REQUIREMENT
The result should be a word-for-word retyping of the entries below, free of pictures.

Pictures with short captions
◇ ◇ ◇

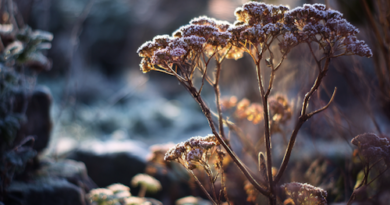 Gel saints de Glace 2026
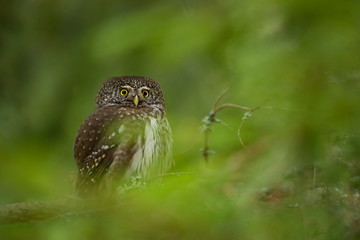 Glaucidium passerinum. It is the smallest owl in Europe. It occurs mainly in northern Europe. But also in Central and Southern Europe. In some mountain areas. Photographed in the Czech Republic. Wild 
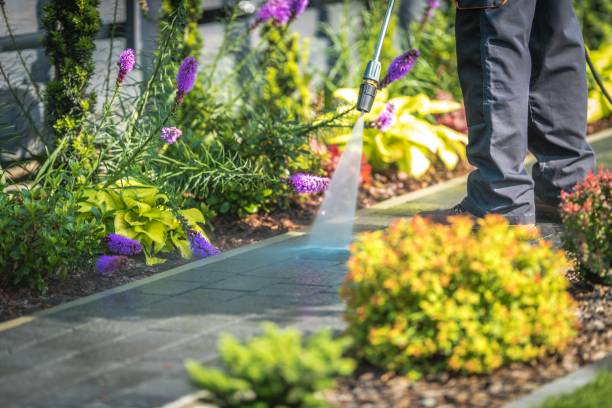 Professional Pressure Washing in Kincaid, IL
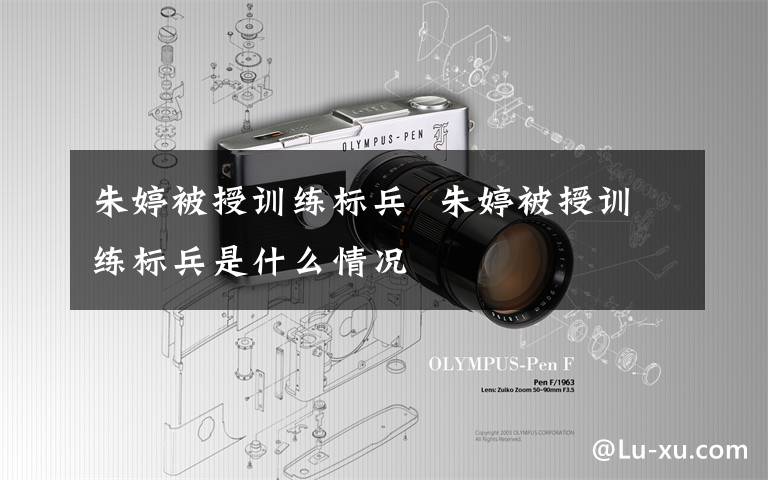 朱婷被授训练标兵  朱婷被授训练标兵是什么情况文章配图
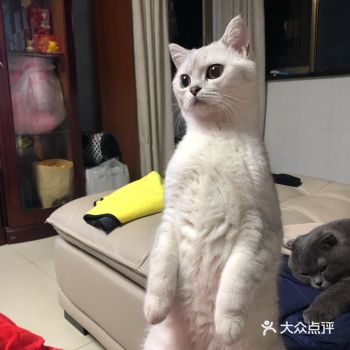 小傻喵却在心底种下了根，充你爱你，什么都让着你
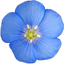 Colorado Rocky Mtn Wildflowers icon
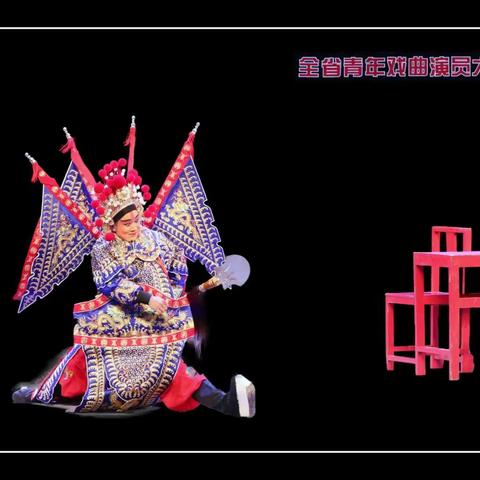 2017 浙江省青年戏曲演员大赛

◇ ◇ ◇

ANSWER SECTION
 Gel saints de Glace 2026
 Glaucidium passerinum. It is the smallest owl in Europe. It occurs mainly in northern Europe. But also in Central and Southern Europe. In some mountain areas. Photographed in the Czech Republic. Wild 
 Professional Pressure Washing in Kincaid, IL
 朱婷被授训练标兵  朱婷被授训练标兵是什么情况文章配图
 小傻喵却在心底种下了根，充你爱你，什么都让着你
 Colorado Rocky Mtn Wildflowers icon
 2017 浙江省青年戏曲演员大赛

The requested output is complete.